• **Assignment**: Keeping each word and mark in place, write out the full listing once more.

• **Data extracts**:
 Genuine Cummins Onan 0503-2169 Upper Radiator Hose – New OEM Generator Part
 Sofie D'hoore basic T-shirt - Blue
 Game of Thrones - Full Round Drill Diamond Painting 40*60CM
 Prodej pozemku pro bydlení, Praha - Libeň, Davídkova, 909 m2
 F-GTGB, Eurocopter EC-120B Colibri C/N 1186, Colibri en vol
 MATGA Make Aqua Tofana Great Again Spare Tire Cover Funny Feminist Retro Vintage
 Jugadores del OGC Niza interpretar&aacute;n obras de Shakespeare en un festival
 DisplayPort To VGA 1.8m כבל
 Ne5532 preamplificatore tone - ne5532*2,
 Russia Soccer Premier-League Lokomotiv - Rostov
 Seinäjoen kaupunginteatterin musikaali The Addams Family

• **Your response**:
 Genuine Cummins Onan 0503-2169 Upper Radiator Hose – New OEM Generator Part
 Sofie D'hoore basic T-shirt - Blue
 Game of Thrones - Full Round Drill Diamond Painting 40*60CM
 Prodej pozemku pro bydlení, Praha - Libeň, Davídkova, 909 m2
 F-GTGB, Eurocopter EC-120B Colibri C/N 1186, Colibri en vol
 MATGA Make Aqua Tofana Great Again Spare Tire Cover Funny Feminist Retro Vintage
 Jugadores del OGC Niza interpretar&aacute;n obras de Shakespeare en un festival
 DisplayPort To VGA 1.8m כבל
 Ne5532 preamplificatore tone - ne5532*2,
 Russia Soccer Premier-League Lokomotiv - Rostov
 Seinäjoen kaupunginteatterin musikaali The Addams Family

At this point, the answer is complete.